Markets opened the last week with losses as there was a good amount of profit. Sensex faced a strong resistance around 15500 levels and the Nifty at around 4600 levels. It was widely expected at that time that the Bears would take control thereafter. However, Prime Minister’s statement in the Parliament that the country has a potential for 9% growth and the stunning profit made by Satyam changed the moods of market. Bears were marauded once again. Still, rising crude prices and indecisive global markets checked a repetition of previous weeks’ big show and in fact, small and midcap stocks could not recover their early losses like their largecap peers.

WPI Headline Inflation hit record low levels. Finance Minister impressing upon the PSU Banks to cut their lending rates hit the PSU banks hard. Positive IIP numbers cheered the markets. However, it triggered profit booking by the traders.

US data was a mixed one. There are fears of an inflationary environment choking the growth prospects. Rise in crude prices is negative news for the global equity markets. There are market speculations of rate hike by Federal Reserve sooner than later to moderate the inflationary expectations.

Sensex faces a strong resistance at around 15600 levels and Nifty at 4700 levels. Sensex has a good support at 14500 and 13500 points.

Even though India is a good long term story, the largecap indices appear to be fully priced-in in the short run. Market seems to be in an overbought position. At the same time, tireless FII flows may change every calculation.

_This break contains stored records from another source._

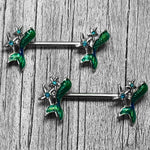 14G 9/16 Green Gem Blue Mermaid Tail Stars Barbell Nipple Ring Set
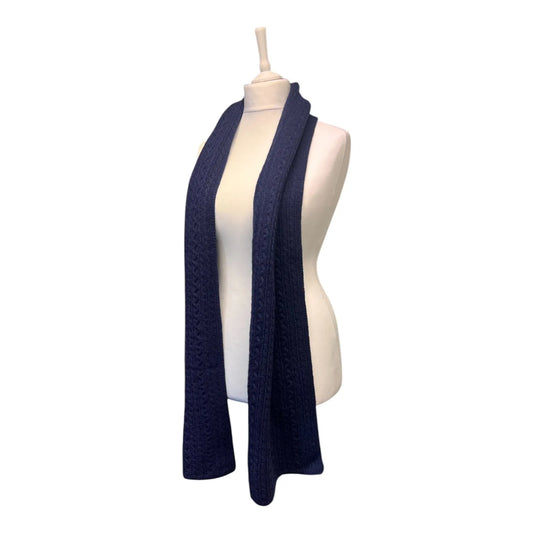Jess & Lou Navy Cable Knit Scarf
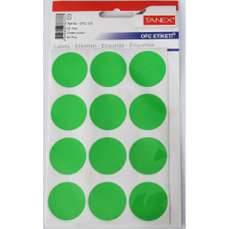 Etichete autoadezive rotunde, diam.32mm, 60buc/set, 5coli/set, verde, Tanex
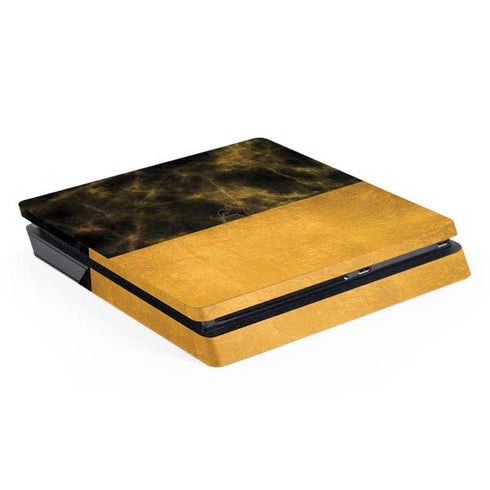 Black and Gold Split Marble PS4 Slim Skin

Wishing a happy week ahead.

Sunday, May 31, 2009

Betting On A Quick Recovery

It has been an amazing run continuing for the 12th week in a row surpassing even the most optimists’ expectations. Whether “India Shining” and “India Decoupling” stories are back in market? Even though, Indian story is quite intact in a longer run, whether stock markets deserve a valuation closer to the January 2008 peak levels with the economy crawling now just at a half the pace of that time? Let us introspect once again hereunder.

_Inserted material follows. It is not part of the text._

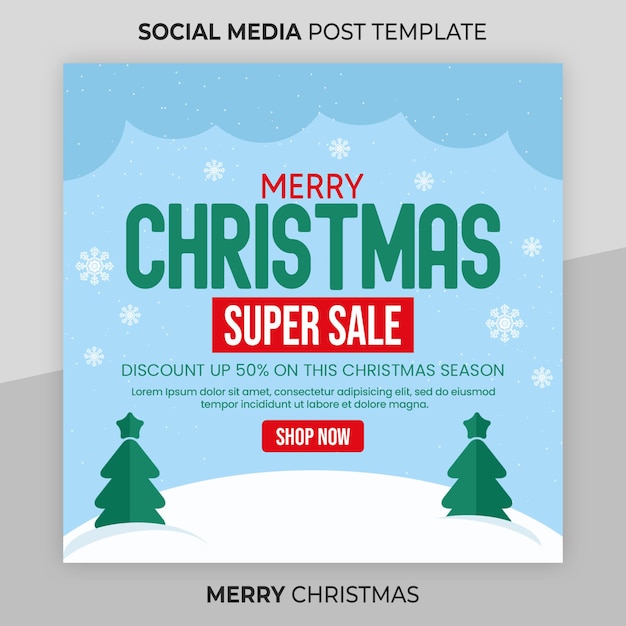 Feliz Navidad publicación de instagram o plantilla de banner web cuadrado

As we discussed earlier, market builds up lot of expectations over Manmohan Singh’s new government. It likes to safely ignore the facts that Congress is not known for speedy reforms and it has come back to power mainly because of its populist face as opposed to the corporate image of the previous NDA regime. It also ignores that the Head of Government is not the de facto political boss. He can not push through tough reforms either way as there are still many political, coalition and electoral compulsions to show a populist face.

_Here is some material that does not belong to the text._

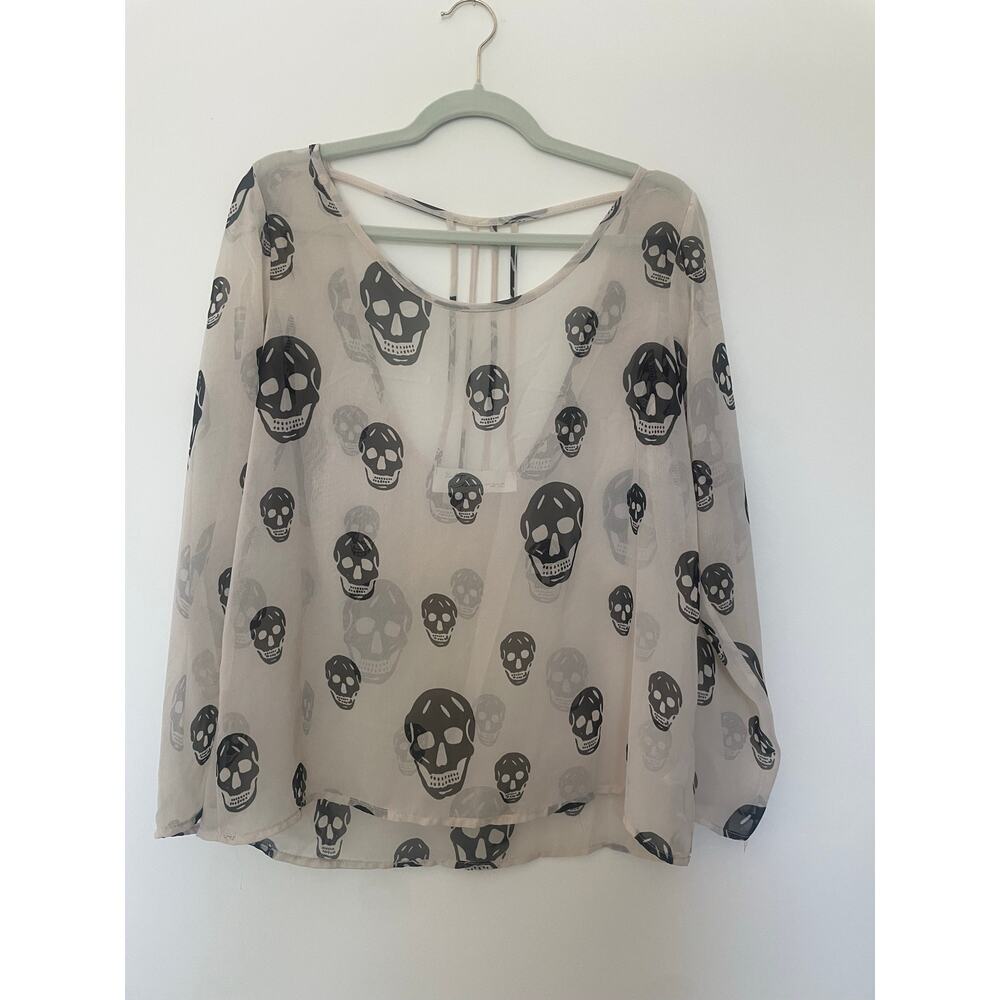 Vintage Havana Sheer Skull Print Caged Back Blouse Sz L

Sensex now trades under a fair valuation given the gloomy economic indicators like negative IIP, manufacturing degrowth and GDP growth, lowest in five years, even though the business confidence is expected to improve because of the electoral verdict. Negative credit growth is a depressing factor and an important indicator that the current business confidence is quite low.

Hence, it will be too much on the part of the market to expect that miracles will happen in the short term and Sensex (Companies) earnings will move up drastically in no time. Hence, I am of the view that the any big move hereafter may be another bubble in making.

Hype is building up in the market that there will be a huge divestment of PSU companies in the short term which will take the market further up. It defies the fundamentals of supply and demand. Divestment is good for the small investors no doubt but there are hardly any reasons to chase the costly listed companies with weak fundamentals when there are plenty of fundamentally strong PSU companies are going to be available at much cheaper valuations.

I would suggest the readers to continue their value picking in small lots over a period of time. At the same time, there should not be any “there is no tomorrow” approach. There will be a plenty of opportunity for the small investors to participate in the PSU divestment process that is going to happen shortly.

Nifty may face some resistance between 4500 and 4600. Stronger resistance may be there around 4800 levels. There is huge build up in F&O position and hence it is safer to trade with strict stop loss limits.